(Beginning of SOURCE INFORMATION)
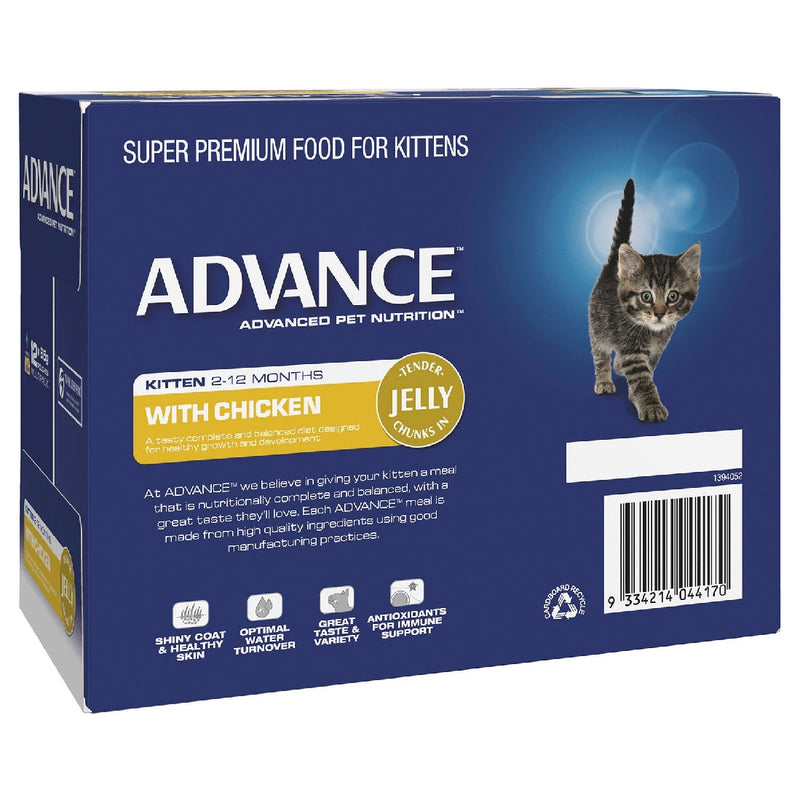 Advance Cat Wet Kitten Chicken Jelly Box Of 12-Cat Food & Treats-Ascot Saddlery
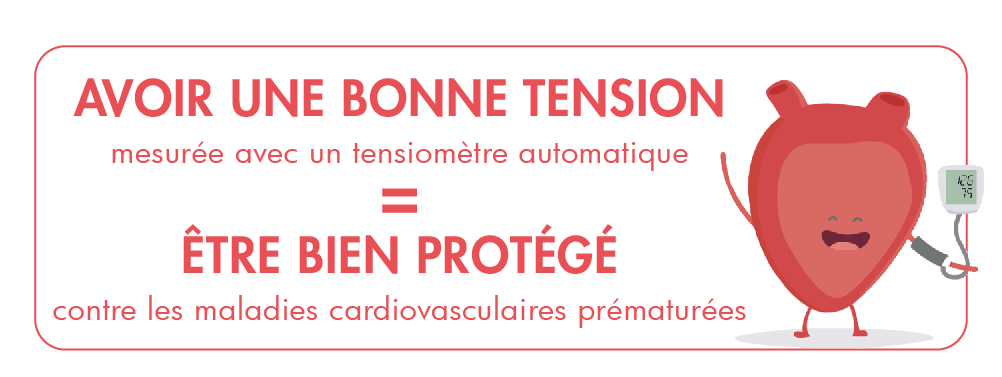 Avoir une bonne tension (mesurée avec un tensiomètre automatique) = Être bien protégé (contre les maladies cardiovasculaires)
(End of SOURCE INFORMATION)
(Beginning of SOURCE INFORMATION)
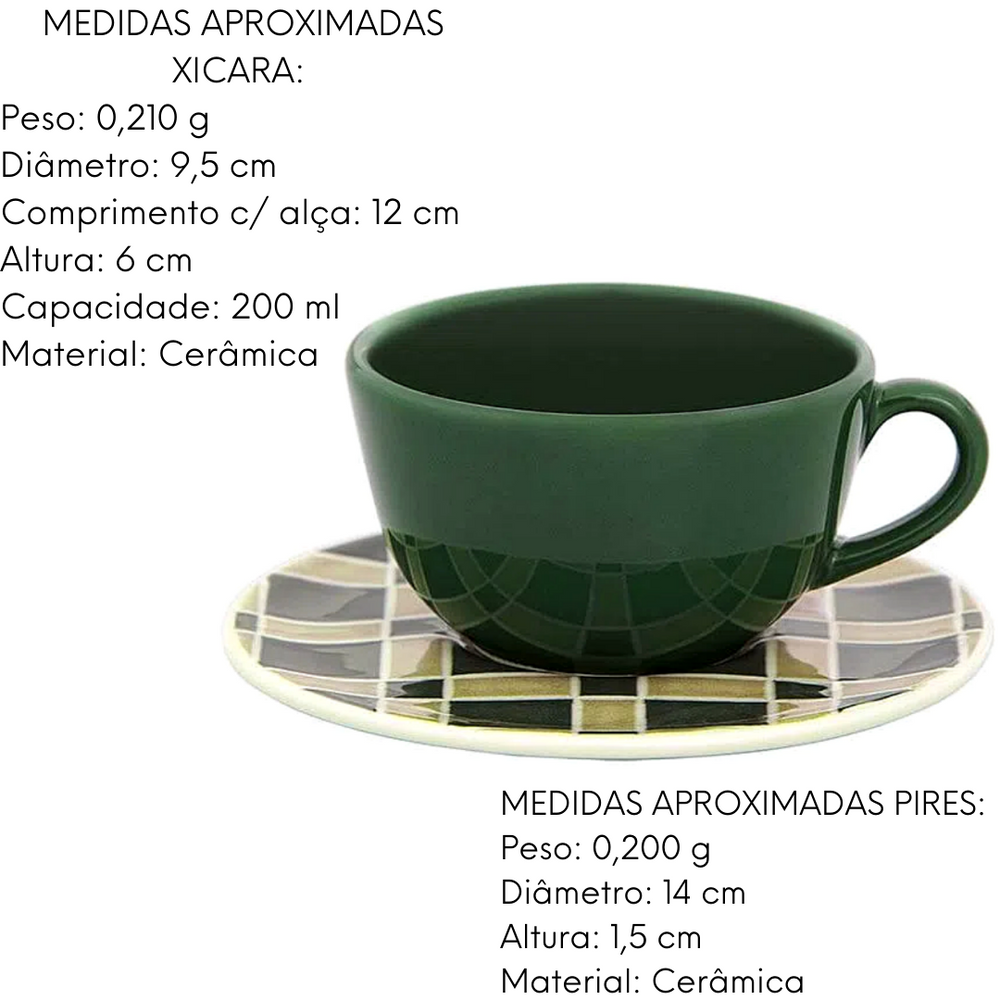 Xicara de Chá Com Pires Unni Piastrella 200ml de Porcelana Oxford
(End of SOURCE INFORMATION)
(Beginning of SOURCE INFORMATION)
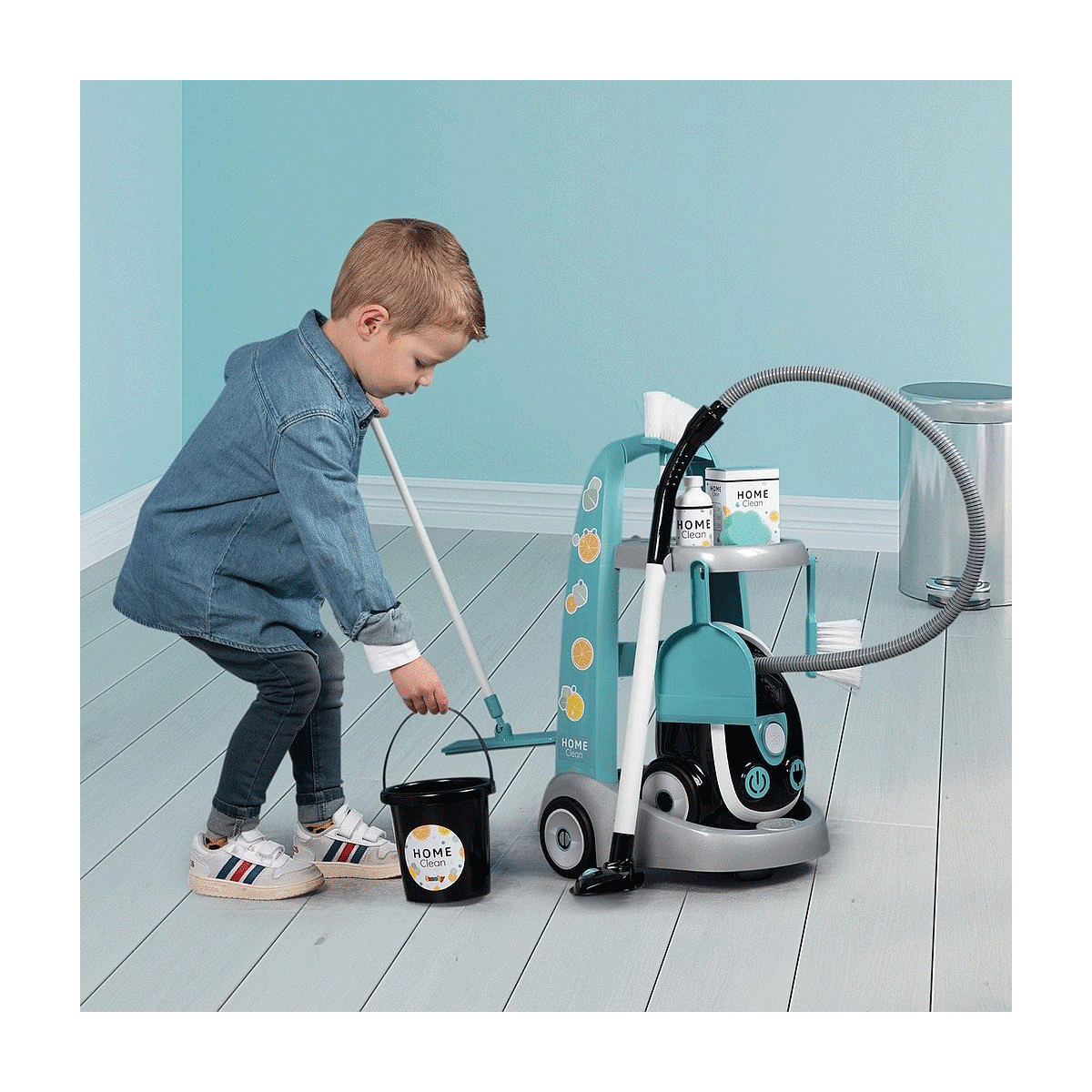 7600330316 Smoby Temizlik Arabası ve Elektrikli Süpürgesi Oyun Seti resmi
(End of SOURCE INFORMATION)
_AIM OF THE EXERCISE_: Reproduce, word for word, only the lines in the records above from the line with "Advance Cat Wet" through the line with "Avoir une bonne", including both ends; omit the pictures.

_ANSWER BOX_:
 Advance Cat Wet Kitten Chicken Jelly Box Of 12-Cat Food & Treats-Ascot Saddlery
 Avoir une bonne tension (mesurée avec un tensiomètre automatique) = Être bien protégé (contre les maladies cardiovasculaires)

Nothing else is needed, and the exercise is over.